Diesen Sonntag als Israelsonntag zu begehen, setzte sich in den deutschen evangelischen Kirchen seit den 1960er Jahren Schritt für Schritt durch. Der Israelsonntag knüpft an den seit der Reformationszeit begangenen „Judensonntag“ an und richtet ihn an der Erneuerung des Verhältnisses von Christen und Juden aus. Am Judensonntag war es lange Zeit üblich gewesen, in mitleidloser Distanz und Abgrenzung gegen Juden an die Zerstörung Jerusalems zu erinnern und diese den christlichen Gemeinden als warnendes Beispiel vor Augen zu führen. Heute begreifen wir mit Hilfe des aktuellen Predigttextes Lukas 19,41-48, dass Jesus zu Jerusalem eine innige Beziehung hat und dass er um die Stadt und ihre Bewohner trauert wie um eine Geliebte. Und wir merken, dass wir selbst lebendige Beziehungen zu Juden brauchen.

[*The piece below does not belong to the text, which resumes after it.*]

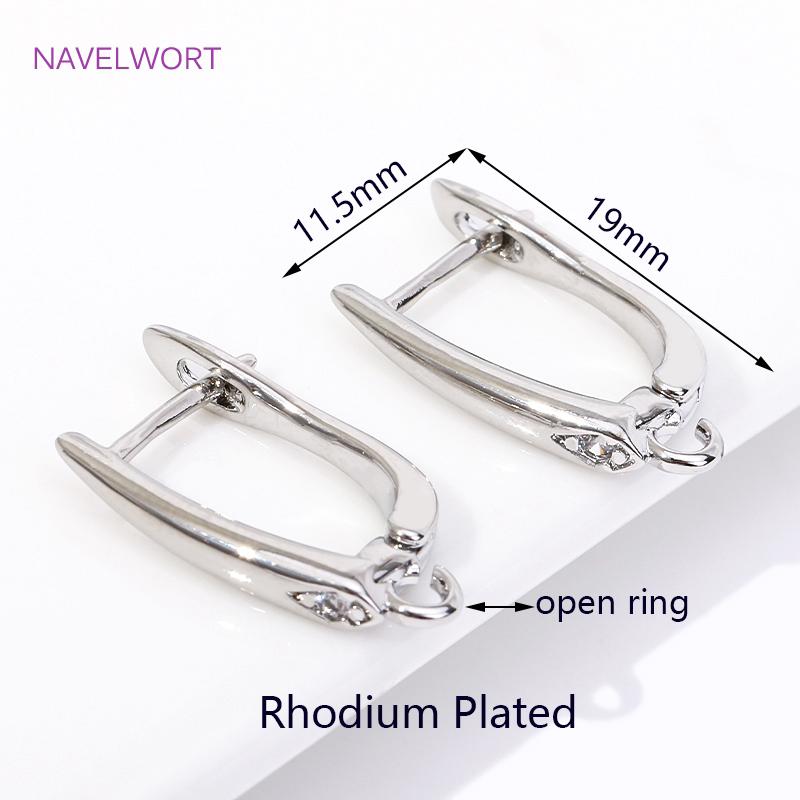 DIY Earring Making Accessories 18K Gold Plated Smooth Earring Hook Clasps Brass Metal Earwires Hooks,Jewelry Making Supplies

Was bedeutet Ihnen dieser Tag?
Mir sind am Israelsonntag mehrere Aspekte wichtig. Wir besinnen uns als Kirche auf unsere jüdischen Wurzeln, die uns tragen und feiern unsere enge Beziehung zum Judentum, unserem geschwisterlichen Partner im interreligiösen Dialog. Wir wünschen Jerusalem Glück und beten für den Frieden der Stadt und des Landes. Außerdem zeigen wir, wie wir jüdische Traditionen und jüdische Bibelauslegung für die Kirche fruchtbar machen können. Wir loben Gott, der Israel und Kirche seine Barmherzigkeit und Treue spüren lässt. Ich persönlich freue mich an diesem Tag besonders über „meine“ jüdische Gemeinde in der russischen Partnerstadt Petrosawodsk, die mich zu ihrem Ehrenmitglied ernannt hat.
Wie wird der Israelsonntag dieses Jahr in den Gemeinden der Evangelischen Landeskirche in Württemberg begangen?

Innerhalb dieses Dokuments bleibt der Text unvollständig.